La Isla minima
Espagne, 2015
De Alberto Rodriguez
Scénario : Rafael Cobos, Alberto Rodriguez
Durée : 1h44
Sortie : 15/07/2015
Deux flics que tout oppose, dans l'Espagne post-franquiste des années 1980, sont envoyés dans une petite ville d'Andalousie pour enquêter sur l'assassinat sauvage de deux adolescentes pendant les fêtes locales. Au coeur des marécages de cette région encore ancrée dans le passé, parfois jusqu'à l'absurde et où règne la loi du silence, ils vont devoir surmonter leurs différences pour démasquer le tueur.
A L’ANCIENNE
C’est dans les vieux pots qu’on fait, parait-il, les meilleures soupes. Celle préparée par le réalisateur Alberto Rodríguez rappelle plus d’un souvenir cinématographique familier, certains plus anciens que d’autres et en particulier Memories of Murder de Bong Joon-Ho, son atmosphère poisseuse et sa police corrompue. Dans l’Andalousie profonde et secrète des années 80, où le franquisme n’est pas encore qu’un souvenir (on y trouve des photos de Franco collées sur des Crucifix), deux flics que-forcément-tout-oppose doivent faire équipe pour déterrer les secrets d’une région violente et traumatisée, et accessoirement sauver des jeunes filles des griffes d’un tueur en série. Comme si ce pitch n’était pas assez familier, fatalement, il pleut beaucoup sur le gentil-flic-débutant-et-idéaliste et le vieux-loup-de-mer-au-lourd-passé. Et pourtant, il faut justement un certain talent pour parvenir à redonner vie à de telles formules tellement usées, pour parvenir à bâtir à nouveau un film solide avec ces ingrédients. Sans pousser son classicisme vers un concept-hommage au film noir, Alberto Rodríguez mène sa barque avec un certain savoir faire (à défaut de beaucoup d’imagination) : un scénario carré, étonnamment simple et facile à suivre (c’est peut-être ça, la vraie surprise du film), une belle photo, et deux comédiens décalés (jusqu’ici plutôt connus pour des comédies) qui s’en sortent sans trop d’égratignures.
A l‘ancienne, La Isla mínima l’est également par son absence de personnage féminin au moins un peu intéressant.

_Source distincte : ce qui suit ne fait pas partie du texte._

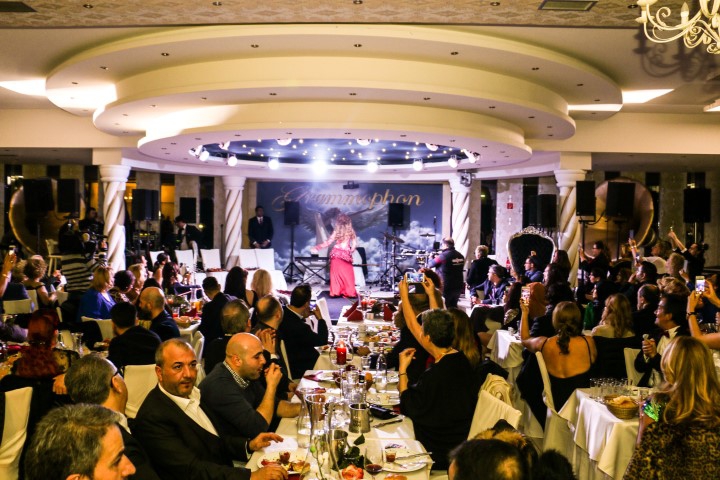 Bülent Ersoy-Asena-Semiha Yankı ...MUHTEŞEM  AVRUPA SEFERİ! 9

Le scénario nous dépeint une région aux traditions forcément machos, mais ne fait pas beaucoup d’effort pour les contredire : si les femmes y sont prisonnière de leur maris ou copains, ce sont surtout toutes des victimes qui ont besoin que des hommes viennent les sortir de là et régler leur problème à leur place. L’enquête se fait au nom des jeunes femmes déjà disparues, mais le film n’offre à aucune femme l’espace de s‘exprimer pour elle-même. Tais-toi et laisse-toi sauver. Même après le dénouement, elles ne sont là que pour se laisser draguer par les héros dans un bar, sans doute ivres de soulagement de n’avoir pas eu à agir elles-mêmes. La Isla mínima reste de A à Z une affaire de mecs. Dommage, car l’absence d’un point de vue un peu plus moderne ou tranché sur la question fait finalement basculer le film du côté le moins excitant du classicisme. Cela n’enlève rien à l’aisance qu’il y a à se plonger dans cette histoire bien troussée, mais ce sous-texte un peu paresseux donne à la ballade un arrière-goût amer.